# When Chefs Attack



## cape chef (Jul 31, 2000)

Oh God...I hope I can destroy that darn tape!!!


----------



## theloggg (Sep 28, 1999)

Just found this link...
http://tv.yahoo.com/tvpdb?d=tvp&id=1...7s+Scariest+Re staurants&normalized=When+Chefs+Attack%3a+Hidden+V ideo+of+America%27s+Scariest+Restaurants&progutn=9 81781200&.intl=us

Yahoo! TV listing shows it tonight (fri 2/9) on UPN at 9pm.


----------



## davewarne (Feb 4, 2001)

We had an 'expose' on the T.V. in the U.K. a couple of years ago. Hidden camera, violent chefs and humiliated commis etc. The ripples went on for months. The 'culprits', I notice, are still in business.
This year I read in a 'Mans' magazine that one chef/owner in a famous London restaurant regularly had customers asking to be shown into the kitchen so that he would swear at them. They then left happy.
I think anyone who uses violence against his staff is a ****wit and anyone who puts up with it or supports it is a half***wit!


----------



## theloggg (Sep 28, 1999)

I heard on the radio last night that Fox (I think) is airing a show called either "When Chefs Attack" or something about "Worst Restaurants....". It's one of those hidden camera/reality shows. I wasn't able to catch much detail (as you can tell). 

Wondering if anyone else has heard anything?


----------



## theloggg (Sep 28, 1999)

That was a waste of 35 minutes (didn't make it through the entire show).

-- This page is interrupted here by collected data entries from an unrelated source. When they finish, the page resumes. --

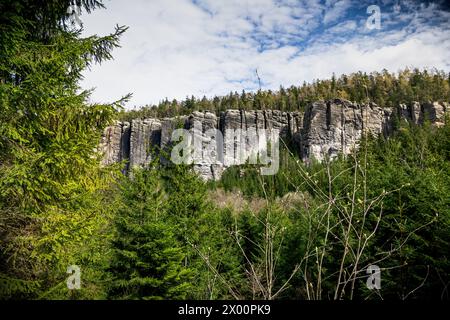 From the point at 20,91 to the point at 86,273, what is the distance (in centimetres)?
351

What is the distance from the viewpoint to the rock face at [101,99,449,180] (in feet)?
270

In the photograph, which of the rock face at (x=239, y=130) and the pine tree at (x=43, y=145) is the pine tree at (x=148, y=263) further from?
the rock face at (x=239, y=130)

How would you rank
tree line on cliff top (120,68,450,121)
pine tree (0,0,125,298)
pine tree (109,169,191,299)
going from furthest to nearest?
1. tree line on cliff top (120,68,450,121)
2. pine tree (109,169,191,299)
3. pine tree (0,0,125,298)

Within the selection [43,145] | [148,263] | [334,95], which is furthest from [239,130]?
[43,145]

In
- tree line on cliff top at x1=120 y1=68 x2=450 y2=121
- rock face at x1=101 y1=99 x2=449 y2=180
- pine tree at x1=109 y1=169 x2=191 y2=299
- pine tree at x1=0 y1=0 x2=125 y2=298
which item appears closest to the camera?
pine tree at x1=0 y1=0 x2=125 y2=298

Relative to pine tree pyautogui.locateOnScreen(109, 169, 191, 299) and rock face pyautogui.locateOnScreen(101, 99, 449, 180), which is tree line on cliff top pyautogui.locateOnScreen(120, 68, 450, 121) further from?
pine tree pyautogui.locateOnScreen(109, 169, 191, 299)

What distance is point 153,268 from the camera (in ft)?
31.3

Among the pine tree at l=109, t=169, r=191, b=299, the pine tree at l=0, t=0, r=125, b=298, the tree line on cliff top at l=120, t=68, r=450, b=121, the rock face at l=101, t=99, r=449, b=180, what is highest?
the tree line on cliff top at l=120, t=68, r=450, b=121

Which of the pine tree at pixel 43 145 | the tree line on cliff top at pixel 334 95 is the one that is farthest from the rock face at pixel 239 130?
the pine tree at pixel 43 145

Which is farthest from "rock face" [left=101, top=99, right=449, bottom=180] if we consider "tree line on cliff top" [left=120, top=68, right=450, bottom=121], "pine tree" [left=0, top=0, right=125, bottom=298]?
"pine tree" [left=0, top=0, right=125, bottom=298]

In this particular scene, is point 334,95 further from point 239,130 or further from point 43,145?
point 43,145

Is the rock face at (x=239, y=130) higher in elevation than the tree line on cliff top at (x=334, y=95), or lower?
lower

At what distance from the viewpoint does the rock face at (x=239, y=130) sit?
82.2 m

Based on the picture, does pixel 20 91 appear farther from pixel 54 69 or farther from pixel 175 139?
pixel 175 139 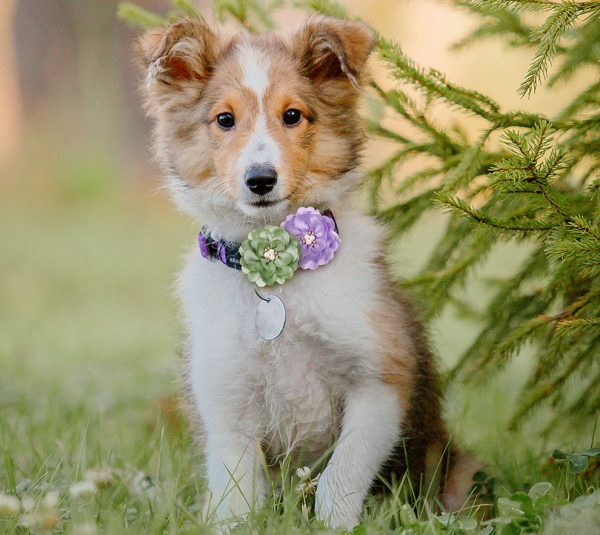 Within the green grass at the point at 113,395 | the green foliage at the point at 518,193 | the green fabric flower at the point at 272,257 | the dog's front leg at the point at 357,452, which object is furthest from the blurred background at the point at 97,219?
the dog's front leg at the point at 357,452

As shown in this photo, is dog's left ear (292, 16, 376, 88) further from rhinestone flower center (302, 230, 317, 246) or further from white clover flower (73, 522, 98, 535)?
white clover flower (73, 522, 98, 535)

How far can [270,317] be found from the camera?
8.89ft

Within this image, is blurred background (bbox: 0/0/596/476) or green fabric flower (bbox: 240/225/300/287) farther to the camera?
blurred background (bbox: 0/0/596/476)

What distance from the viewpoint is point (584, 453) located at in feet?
8.91

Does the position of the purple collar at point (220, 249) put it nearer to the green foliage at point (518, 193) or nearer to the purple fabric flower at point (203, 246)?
the purple fabric flower at point (203, 246)

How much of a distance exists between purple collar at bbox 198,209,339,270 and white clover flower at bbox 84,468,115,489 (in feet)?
2.76

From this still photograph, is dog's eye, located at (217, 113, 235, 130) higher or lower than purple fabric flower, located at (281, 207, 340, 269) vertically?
higher

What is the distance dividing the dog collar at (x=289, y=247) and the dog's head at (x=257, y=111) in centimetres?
9

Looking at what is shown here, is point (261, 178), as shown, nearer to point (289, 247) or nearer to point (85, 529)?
point (289, 247)

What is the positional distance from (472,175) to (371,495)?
121 centimetres

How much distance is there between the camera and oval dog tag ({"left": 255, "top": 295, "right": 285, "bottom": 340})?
8.81 feet

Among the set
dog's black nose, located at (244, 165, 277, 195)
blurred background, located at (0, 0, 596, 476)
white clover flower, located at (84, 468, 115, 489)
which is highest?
dog's black nose, located at (244, 165, 277, 195)

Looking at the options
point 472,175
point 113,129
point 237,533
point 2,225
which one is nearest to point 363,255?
point 472,175

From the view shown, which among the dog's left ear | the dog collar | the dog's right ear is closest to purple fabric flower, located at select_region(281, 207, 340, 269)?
the dog collar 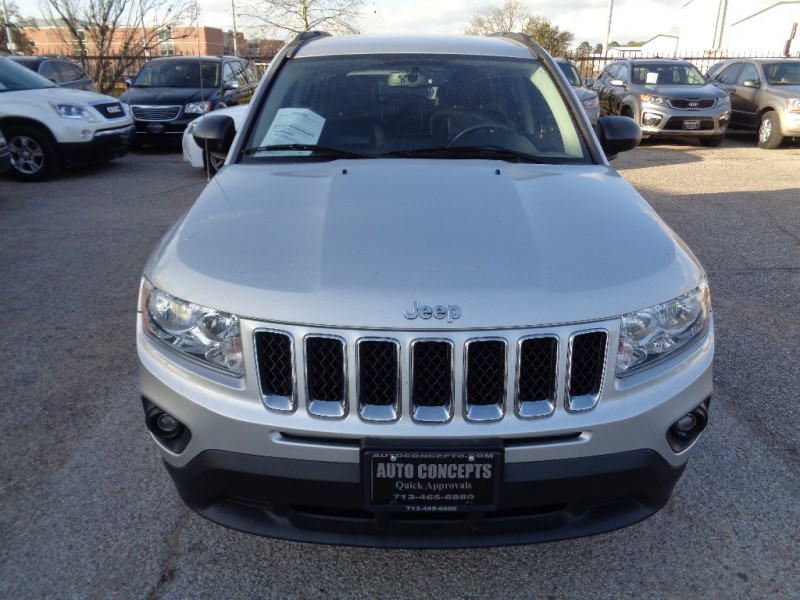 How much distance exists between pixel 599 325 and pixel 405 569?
3.82 ft

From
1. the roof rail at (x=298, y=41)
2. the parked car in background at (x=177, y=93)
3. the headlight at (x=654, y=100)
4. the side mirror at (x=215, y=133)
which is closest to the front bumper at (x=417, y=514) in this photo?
the side mirror at (x=215, y=133)

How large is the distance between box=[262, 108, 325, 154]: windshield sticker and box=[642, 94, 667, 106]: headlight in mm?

I was expecting tantrums and funny kitchen things, not puking and spitting.

The most frustrating thing was the show referring to these people as Chefs.


----------



## live_to_cook (Aug 23, 2000)

Labeling that low-rent surveillance camera nonsense as anything to do with chefs was malarkey, of course. But what do you expect from Fox?


----------